Sinn Féin Councillor Larry O'Toole

 
``Where you live is where you have shelter from the rain and cold, where you sleep, where you eat and drink, where you wash, where you get warm and dry, where you keep your stuff, where you care for your kids, where your friends contact you, where you exist for the local school, doctor, social welfare, local community - the basic ingredients of life. Without a home, you have none of these things.'' So says Sasha.

Last month, the 26-County housing minister, Bobby Molloy, announced there were 39,176 households in need of social housing, including homeless persons. That means at least 100,000 people in the state need a home.

Sasha is technically not one of them. She and her six-year-old daughter are living in privately rented accommodation in Dublin. The Department of the Environment reckons there are about 100,000 private rented tenancies in the 26 Counties.

Rent increase of 30%


Last week, Sasha's landlord announced a rent increase from £600 per month to £800 per month. If she couldn't afford it, she could leave. According to a survey conducted by Threshold, a voluntary organisation working for justice on housing and homelessness, 30% increases in rent are now standard, and a growing number of tenants face rent increases of 40% or even 50% in a year.

Sasha's landlord had another house next door rented to students, who doubled up in each of the three bedrooms and a sitting room.

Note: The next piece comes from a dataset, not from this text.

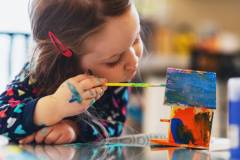 A three year old girl paints a tiny birdhouse with water colour paints.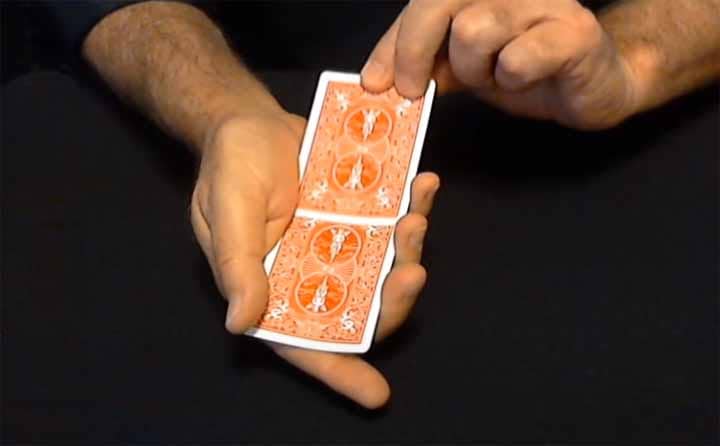 Close-up of hands performing a card trick.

That made at least six students in the house. The students thought they had a bargain at £30 per week each. In the end, he relented and only increased Sasha's rent to £700. Sasha and her daughter live in fear, fear that next year they will have to move, and there is nowhere to move to.

The landlord had bought the two houses, which left him with mortgage payments of some £300 per month on each house. With rents at £700 and £800, the landlord took home, untaxed, £10,800 profit per annum, for doing nothing whatever. It used to be called `unearned income'.

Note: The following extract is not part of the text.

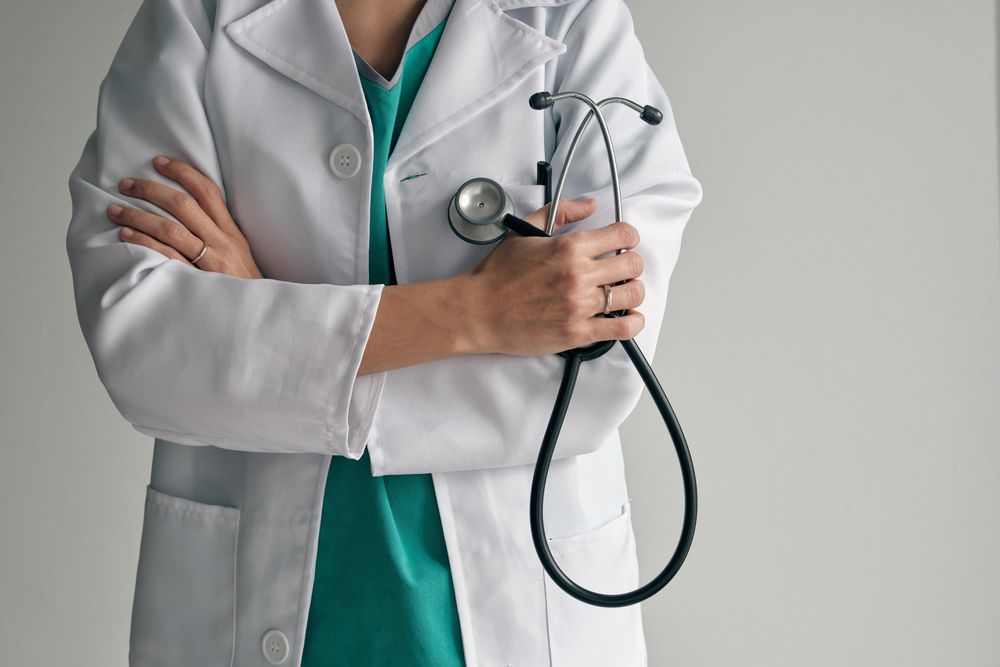 Crop doctor in medical robe with stethoscope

And `unearned' is exactly what it is. The back door was falling off, the walls were running with damp, the heating was by electric fire, the windows were falling out. All the windows were barred on the outside, with no escape in case of fire. When Sasha made a little garden at the back, he wanted to up the rent. After all, the property was improved.

He wasn't subject to tax because he wasn't registered, although the law requires that he should register. Sasha was far too afraid to report him. To claim her tax rebate on rent paid, she needed his RSI number. She felt she would certainly get evicted if she even suggested it.

Charter of Rights


A wide spectrum of legislation has passed on and off the statute books during the 1990s to guarantee the rights of tenants, and has succeeded in providing none. A series of measures, collectively known as the Charter for Rented Housing, have been introduced, piece-meal, since 1992, which purports, through the local authority, to provide for statutory minimum notice to quit, mandatory rent books, statutory minimum standard of rented accommodation, tax relief for tenants, and mandatory registration of rented dwellings and the abolition of the so-called remedy of distress, whereby a landlord was entitled to enforce payment of rent due by seizing, without recourse to the courts, the tenants' goods.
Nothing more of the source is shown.